**ASSIGNMENT:**
Exact retyping of the data: please keep every word and drop each picture.

(DATA SECTION)

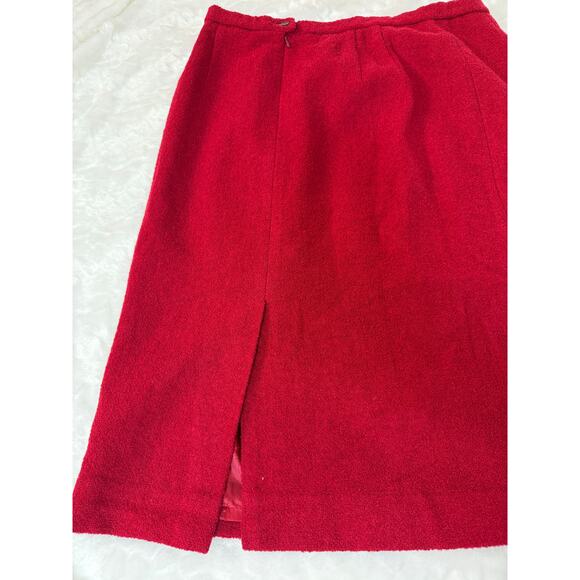 VTG 60s 70s Pendleton Portland Virgin Wool Midi Pencil Skirt Made in USA Red 16 - Picture 6 of 11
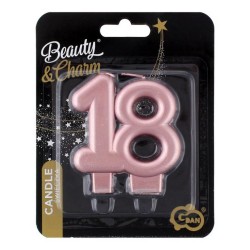 Colour Metallic Rose Gold number candle 18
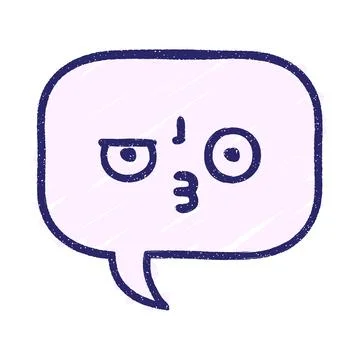 Speech Bubble Chalk Drawing in bright neon color Stock Illustration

(End DATA SECTION)

**SOLUTION:**
 VTG 60s 70s Pendleton Portland Virgin Wool Midi Pencil Skirt Made in USA Red 16 - Picture 6 of 11
 Colour Metallic Rose Gold number candle 18
 Speech Bubble Chalk Drawing in bright neon color Stock Illustration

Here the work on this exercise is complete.